To use movies as an example again, a Stepford Wife is a well-used term for a perfectly groomed woman with two kids, a handsome, rich husband and a picket fence. That’s it. There’s only so far one can go, in terms of evolvement, confined within these labels. Why is this stereotype still seeping into the dreams of teenage girls, when they could be manifesting a life that encompasses so much more?
This blatant stereotype obviously doesn’t embrace all the delicious parts of love, partnership and parenthood, a delightful life to envision and create. Still, it carries much of the blame as to why we think finding The One and living the suburban ideal is crucial to our happiness.
Within living our life purpose, love comes to us as a bonus, a gift. It’s not a ‘must do this before 20 or 30 or 40 to be accepted and happy’ type of deal. Leave that to the movies and the minds of those who are perhaps threatened by anyone colouring outside the lines.
Finding the One, Myth Number 3
The One is a person other than ourselves
Considering that the majority of us find many The Ones throughout life, as opposed to a life-long partner, it makes statistical sense that The One is not, in fact, another person.
The One we’re searching for, is ourselves. If we still think The One is out there, we’re trapped in the illusion of an ideal we didn’t create. We didn’t even have a chance, initially, to pick or choose ideals.
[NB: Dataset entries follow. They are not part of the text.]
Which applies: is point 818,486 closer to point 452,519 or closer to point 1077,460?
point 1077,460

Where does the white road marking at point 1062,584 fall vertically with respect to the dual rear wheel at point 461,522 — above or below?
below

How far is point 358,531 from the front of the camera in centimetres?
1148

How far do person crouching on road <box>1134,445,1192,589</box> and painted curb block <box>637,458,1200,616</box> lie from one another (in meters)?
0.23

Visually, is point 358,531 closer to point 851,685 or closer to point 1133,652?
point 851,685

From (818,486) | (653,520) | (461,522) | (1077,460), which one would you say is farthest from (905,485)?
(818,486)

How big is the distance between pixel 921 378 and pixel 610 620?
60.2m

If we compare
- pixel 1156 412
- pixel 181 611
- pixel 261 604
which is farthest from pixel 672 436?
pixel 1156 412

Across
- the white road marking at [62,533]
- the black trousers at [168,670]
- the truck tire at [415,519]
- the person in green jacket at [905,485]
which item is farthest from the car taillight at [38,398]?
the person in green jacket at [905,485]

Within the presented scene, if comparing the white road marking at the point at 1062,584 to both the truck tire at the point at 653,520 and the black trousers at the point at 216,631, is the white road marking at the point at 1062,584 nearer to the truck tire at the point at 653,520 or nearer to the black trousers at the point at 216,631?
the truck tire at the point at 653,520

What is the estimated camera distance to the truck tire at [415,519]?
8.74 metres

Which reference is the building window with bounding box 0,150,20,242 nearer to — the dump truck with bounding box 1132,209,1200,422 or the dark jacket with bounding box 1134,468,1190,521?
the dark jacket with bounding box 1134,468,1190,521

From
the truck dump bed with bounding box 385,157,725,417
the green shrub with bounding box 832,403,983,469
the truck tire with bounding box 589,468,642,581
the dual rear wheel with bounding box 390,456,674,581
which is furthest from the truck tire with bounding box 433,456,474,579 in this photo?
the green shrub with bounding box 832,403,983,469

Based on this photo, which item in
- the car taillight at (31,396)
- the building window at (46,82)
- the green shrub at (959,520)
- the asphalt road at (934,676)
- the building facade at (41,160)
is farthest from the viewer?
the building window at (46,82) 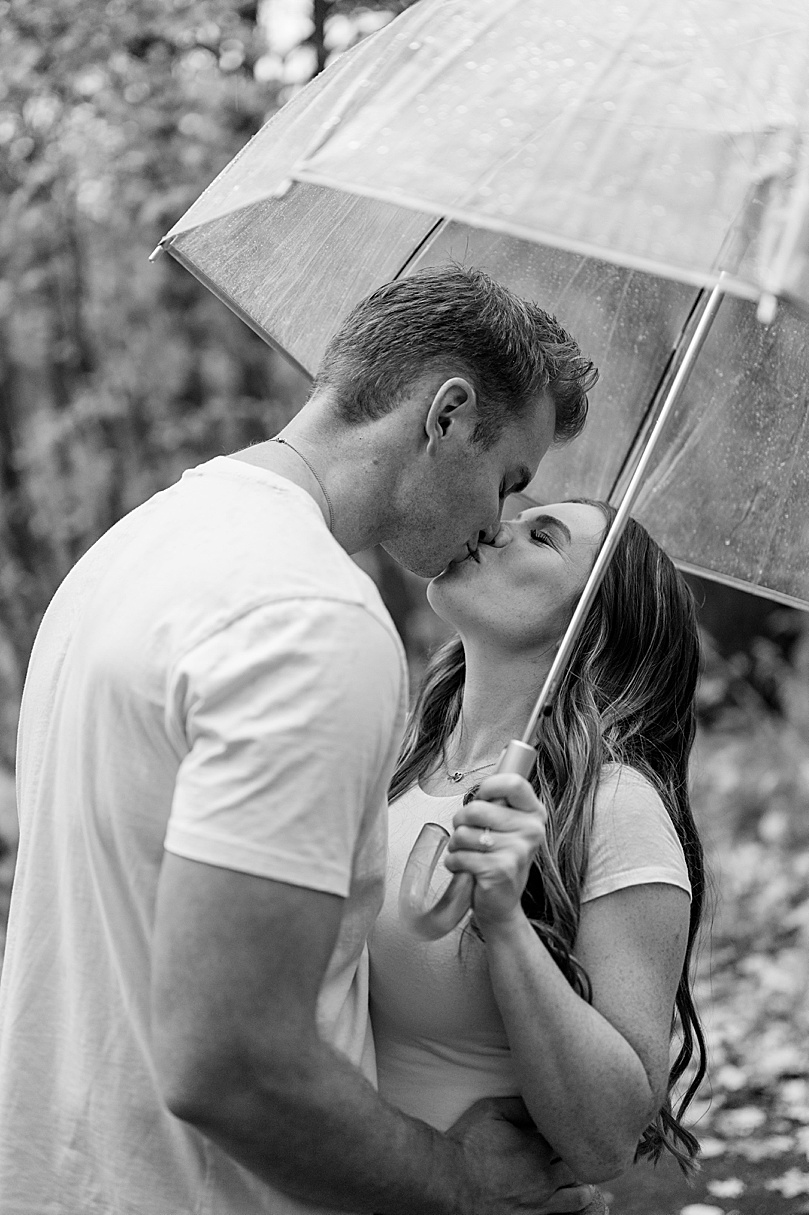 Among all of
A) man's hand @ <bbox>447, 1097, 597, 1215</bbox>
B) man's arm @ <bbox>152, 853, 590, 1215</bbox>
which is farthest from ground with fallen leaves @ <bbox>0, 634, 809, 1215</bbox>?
man's arm @ <bbox>152, 853, 590, 1215</bbox>

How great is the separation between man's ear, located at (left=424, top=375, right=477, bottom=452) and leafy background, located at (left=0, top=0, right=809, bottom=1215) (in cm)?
322

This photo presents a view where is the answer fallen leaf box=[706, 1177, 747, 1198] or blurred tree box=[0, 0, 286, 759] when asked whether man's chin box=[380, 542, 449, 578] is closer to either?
fallen leaf box=[706, 1177, 747, 1198]

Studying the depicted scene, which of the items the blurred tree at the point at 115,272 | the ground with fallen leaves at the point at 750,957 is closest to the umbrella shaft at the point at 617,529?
the ground with fallen leaves at the point at 750,957

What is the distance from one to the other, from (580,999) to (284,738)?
798 mm

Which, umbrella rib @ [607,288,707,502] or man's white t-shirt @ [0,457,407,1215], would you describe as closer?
man's white t-shirt @ [0,457,407,1215]

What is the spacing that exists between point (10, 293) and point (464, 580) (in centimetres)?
518

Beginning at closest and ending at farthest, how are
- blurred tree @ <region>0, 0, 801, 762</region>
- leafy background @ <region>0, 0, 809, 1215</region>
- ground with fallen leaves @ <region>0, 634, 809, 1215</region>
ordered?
ground with fallen leaves @ <region>0, 634, 809, 1215</region>, leafy background @ <region>0, 0, 809, 1215</region>, blurred tree @ <region>0, 0, 801, 762</region>

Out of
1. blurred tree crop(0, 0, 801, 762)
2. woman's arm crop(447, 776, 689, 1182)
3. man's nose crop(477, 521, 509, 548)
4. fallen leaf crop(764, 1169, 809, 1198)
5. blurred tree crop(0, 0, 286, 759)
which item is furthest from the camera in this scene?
blurred tree crop(0, 0, 286, 759)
We were born into a world that drives concepts such as ‘happily ever after’ to sell Valentine’s Day cards.
When we begin to look for and to know ourselves, we lose all attachment to the notion of The One being anyone but ourselves. We lose the desire to try to make ourselves happy through another person or external events.
If you’re single and searching for The One right now, stop and look in the mirror. If you’re in a relationship that isn’t making you happy, it’s okay. You’re not losing The One, because you already are that. If you’ve found The One and are in total bliss, what you’ve actually found is a gorgeous experience. If they were to disappear from your life, you would still have YOU. Wonderful, glorious YOU on a journey to fulfil your desires through growth and evolvement, regardless of the presence of a life partner.
“Loving yourself does not mean being self-absorbed or narcissistic or disregarding others. Rather, it means welcoming yourself as the most honoured guest in your own heart. A guest worthy of respect, a loveable companion.” — Margo Anand.
Imagine dropping the whole idea of The One. Just releasing it like a heavy backpack. Imagine the freedom of knowing, no matter who you’re with or not, you’ve already found The One who means the most? Fall in love with yourself, then all love that comes into your life is free of attachment, free of the ideals of others and, therefore, authentic.
Rather than love as the BE all and end all, simply let it BE the beautiful experience it is, whether it’s love for yourself or Prince Charming.